Monday, November 2, 2009

Find and sort acronyms for Microsoft Word document automatically.

We guys work on Information Technology. I always have too many acronyms to deal with when I create a document.  There are many solutions of adding acronym to a word document, such as add as a Bookmark or Hyperlink. But most of them require the author to go through the document and mark all the acronyms manually, which I don’t like.

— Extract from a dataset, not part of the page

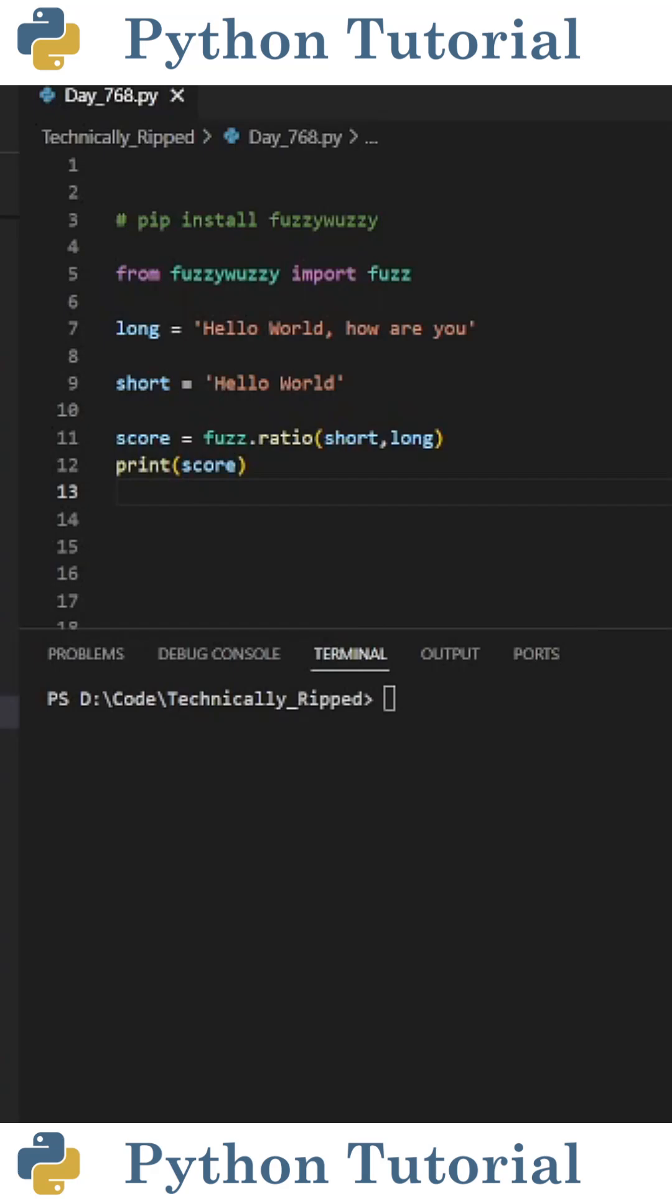Do you know about partial ratios when using Python's fuzzy wuzzy library? A partial ratio compares two strings of different lengths and finds the best matching part of the longer string that aligns with the shorter one.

This script searches through your word document and find all Words >= 3 (configurable) alphabets in Uppercase, then remove duplicate entries and sort by alphabetical order.  This is exactly what I need.  If  you want to try, click Tools->macros->Visual Basic Editor, copy-paste the code below and execute it. There you go!

 

Sub ExtractAcronymsToANewDocument()

Dim oDoc_Source As Document
Dim oDoc_Target As Document
Dim strListSep  As String
Dim strAcronym  As String
Dim oTable      As Table
Dim oRange      As Range

Dim n As Long
Dim strAllFound As String
'use to keep track of founded. Find the list separator from international settings
'In some countries it is comma, in other semicolon

strListSep = Application.International(wdListSeparator)
strAllFound = "#"

Set oDoc_Source = ActiveDocument
'Create new document for acronyms
Set oDoc_Target = Documents.Add

With oDoc_Target
'Make sure document is empty
.Range = ""
'Insert a table with room for acronym and definition
Set oTable = .Tables.Add(Range:=.Range, NumRows:=2, NumColumns:=3)
    With oTable
    'Format the table a bit
    'Insert headings
    .Cell(1, 1).Range.Text = "Acronym"
    .Cell(1, 2).Range.Text = "Definition"
    .Cell(1, 3).Range.Text = "Page"
    'Set row as heading row
    .Rows(1).HeadingFormat = True
    .Rows(1).Range.Font.Bold = True
    .PreferredWidthType = wdPreferredWidthPercent
    .Columns(1).PreferredWidth = 20
    .Columns(2).PreferredWidth = 70
    .Columns(3).PreferredWidth = 10
    End With
End With

With oDoc_Source
Set oRange = .Range
n = 1 'used to count below

    With oRange.Find
    .Text = "<[A-Z]{3" & strListSep & "}>"
    .Forward = True
    .Wrap = wdFindStop
    .Format = False
    .MatchCase = True
    .MatchWildcards = True
    Do While .Execute
    'Continue while found
    strAcronym = oRange
    'Insert in target doc
    'If strAcronym is already in strAllFound, do not add again
    If InStr(1, strAllFound, "#" & strAcronym & "#") = 0 Then
        'Add new row in table from second acronym
        If n > 1 Then oTable.Rows.Add
        'Was not found before
        strAllFound = strAllFound & strAcronym & "#"
        'Insert in column 1 in oTable
        'Compensate for heading row
        With oTable
        .Cell(n + 1, 1).Range.Text = strAcronym
        'Insert page number in column 3
        .Cell(n + 1, 3).Range.Text = oRange.Information(wdActiveEndPageNumber)
        End With
        n = n + 1
        End If
        'If acronym
    Loop
    End With
End With

'Sort the acronyms alphabetically
With Selection
    .Sort ExcludeHeader:=True, FieldNumber:="Column 1", SortFieldType _
    :=wdSortFieldAlphanumeric, SortOrder:=wdSortOrderAscending
    .HomeKey (wdStory)
End With

'Clean up
Set oDoc_Source = Nothing
Set oDoc_Target = Nothing
Set oTable = Nothing
MsgBox "Finished extracting " & n - 1 & " acronymn(s) to a new document."

End Sub